The imam lives in Drancy, a northern suburb of Paris with a population of 66,000, one of France's poorest municipalities. Although it's only a half-hour drive from downtown Paris to Drancy, it is a journey into a completely different world. The beauty of Paris ends on the Boulevard périphérique, the beltway surrounding the French capital. The drive soon passes through a completely different world of industrial estates, wasteland and cemeteries, past abandoned factories and railroad tracks covered with weeds. The first impression in Drancy is of the long lines forming in front of soup kitchens at midday.

It is from here that Chalghoumi has gradually become a figure of interest to the entire nation. The media, the government and even the president at the Elysée Palace first became aware of him when, in May 2006, he began saying pretty radical things. But that wasn't because he was preaching against the status quo, the republic and its values. Instead, Chalghoumi was saying things that could have been copied from right out of the French constitution, sentences that were in conformity with the system and advocated peace.

At the time, he publicly acknowledged the horrors of the Holocaust, he reached out to France's Jews, and he spoke of reconciliation and rapprochement -- things that were unheard of for a Muslim cleric at the time. Chalghoumi soon came to be known as the "imam of peace." Meanwhile, there was growing unrest within his own congregation. The tires of Chalghoumi's car were slashed, and strangers ransacked his apartment. The imam of peace was sowing disagreement and reaping violence -- in all likelihood from within his own community.

He had already completed his religious training when, in 1996, he arrived at Charles de Gaulle Airport in nearby Roissy, an immigrant like so many who had come before him and who would follow. At first, he lived in Bobigny, in the Seine-Saint-Denis district, which has some 100 mosques.
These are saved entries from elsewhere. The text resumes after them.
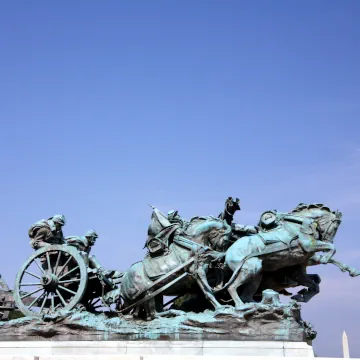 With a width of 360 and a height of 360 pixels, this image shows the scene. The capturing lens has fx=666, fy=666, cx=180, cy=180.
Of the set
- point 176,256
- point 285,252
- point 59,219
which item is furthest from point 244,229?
point 59,219

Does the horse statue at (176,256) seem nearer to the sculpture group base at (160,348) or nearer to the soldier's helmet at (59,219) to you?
the sculpture group base at (160,348)

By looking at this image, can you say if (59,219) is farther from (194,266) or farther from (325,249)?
(325,249)

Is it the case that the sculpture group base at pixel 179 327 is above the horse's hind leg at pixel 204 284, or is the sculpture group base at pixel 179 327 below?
below

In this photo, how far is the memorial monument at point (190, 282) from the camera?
1262cm

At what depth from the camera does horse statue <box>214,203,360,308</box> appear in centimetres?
1344

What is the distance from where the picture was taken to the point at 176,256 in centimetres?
1350

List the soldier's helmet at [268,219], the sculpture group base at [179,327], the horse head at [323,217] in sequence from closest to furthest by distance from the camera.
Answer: the sculpture group base at [179,327], the horse head at [323,217], the soldier's helmet at [268,219]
There was plenty of work for someone like Chalghoumi, who had studied the Koran for four years at schools in Syria and Pakistan, and had already made the pilgrimage to Mecca. Until 2002, he worked half the day as an imam in Bobigny and the other half earning money as a FedEx warehouse worker in the turmoil of Charles de Gaulle Airport. This is where the contradictory versions of his life begin.
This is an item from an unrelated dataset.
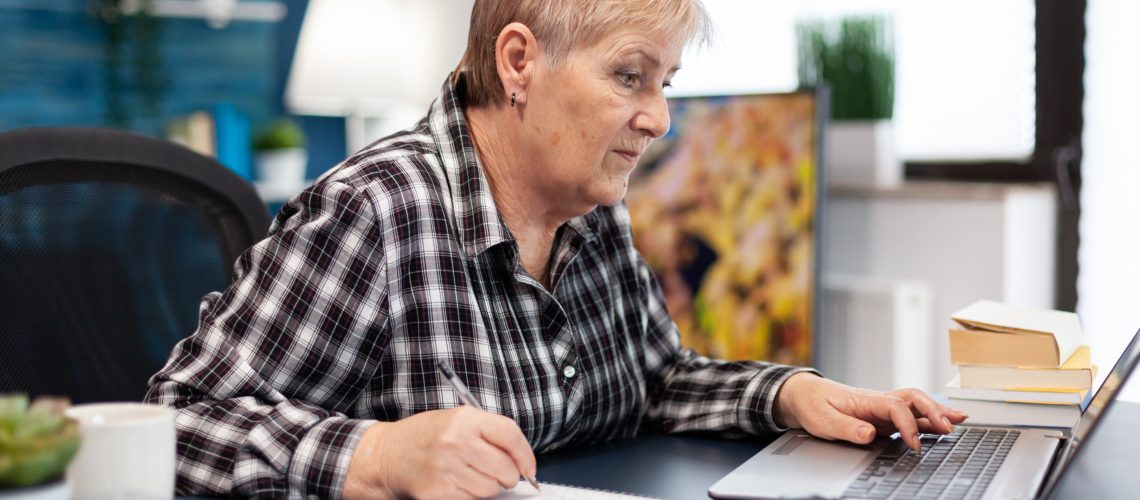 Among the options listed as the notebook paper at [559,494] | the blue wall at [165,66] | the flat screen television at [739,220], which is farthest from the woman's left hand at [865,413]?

'Unusually Radical Positions'

At the time, French intelligence classified him as an Islamist to the core, "who took unusually radical positions." Informers told the authorities that Chalghoumi was calling on the faithful to engage in jihad and, during Friday prayers, was announcing that anyone who died in jihad would undoubtedly reach paradise. As if to prove these conclusions, Chalghoumi's access card for Roissy Airport was confiscated "for security reasons" in August 2003. But this can mean a lot or nothing at all.
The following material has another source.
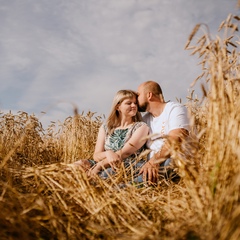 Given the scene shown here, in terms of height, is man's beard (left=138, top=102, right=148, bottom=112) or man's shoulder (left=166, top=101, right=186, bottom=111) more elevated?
man's beard (left=138, top=102, right=148, bottom=112)

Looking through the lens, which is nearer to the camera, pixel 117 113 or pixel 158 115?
pixel 158 115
It was the time of the nascent Iraq war, not long after the attacks of Sept. 11, 2001, a time when many of those who prayed to Allah were considered vaguely suspicious. Many Paris airport workers lost their access cards at the time, simply because they were Muslims, because their beards were too long or because their passports contained Syrian stamps or visas for Algeria.

Chalghoumi doesn't wear a beard, only a goatee. He denies the accusations that relate to his past, and he says that he was confused with other imams who delivered the hate sermons in Bobigny. He insists that he never called upon people to engage in jihad, and if he did, it was only in the way the concept was preached by the Prophet Muhammad: that every devout Muslim is called upon "to engage in perpetual jihad with himself." And what about Roissy and his airport access card? "They took it away from me because I had traveled to Mecca several times," says Chalghoumi, "but believe me: I have never had any problems with the police since my arrival in France." Never? "Never."

A Gift from Drancy's Mayor

The meeting with Chalghoumi takes place on a cool working day at the mosque in Drancy. The mosque, built in 2008, stands on the edge of a large shopping mall called Avenir, the French word for "future." When the faithful bow toward Mecca, there is a Carrefour hypermarket behind them, the shopping center's large parking lot on one side and a railroad embankment in front. On Fridays, there are such large numbers of worshippers at the mosque, upwards of 1,500 people, wearing every conceivable North African traditional costume, that the prayer room becomes too small to contain the congregation. Volunteers place carpets on the ground outside for the countless faithful, who then worship under the open sky.

Inside the mosque, the floor in the large prayer room is covered with red wall-to-wall carpeting. Without the bookshelves in some of the corners and the mihrab, the prayer niche with its cheap arabesques, the space could just as well be a gymnasium or the lobby of a German administrative district office.

The building was a gift of sorts, from the new mayor of Drancy. He is a man of the "new center," who accomplished the feat of driving the Communists out of town hall after they had been in power for more than 40 years, a pragmatist who flatly ignored France's ironclad principle of the separation of church and state when he had the €1.8 million ($2.39 million) mosque built for the many Muslims in his city. It was also for the imam of peace, who had said that he wanted to shine a light on "sinister Islam."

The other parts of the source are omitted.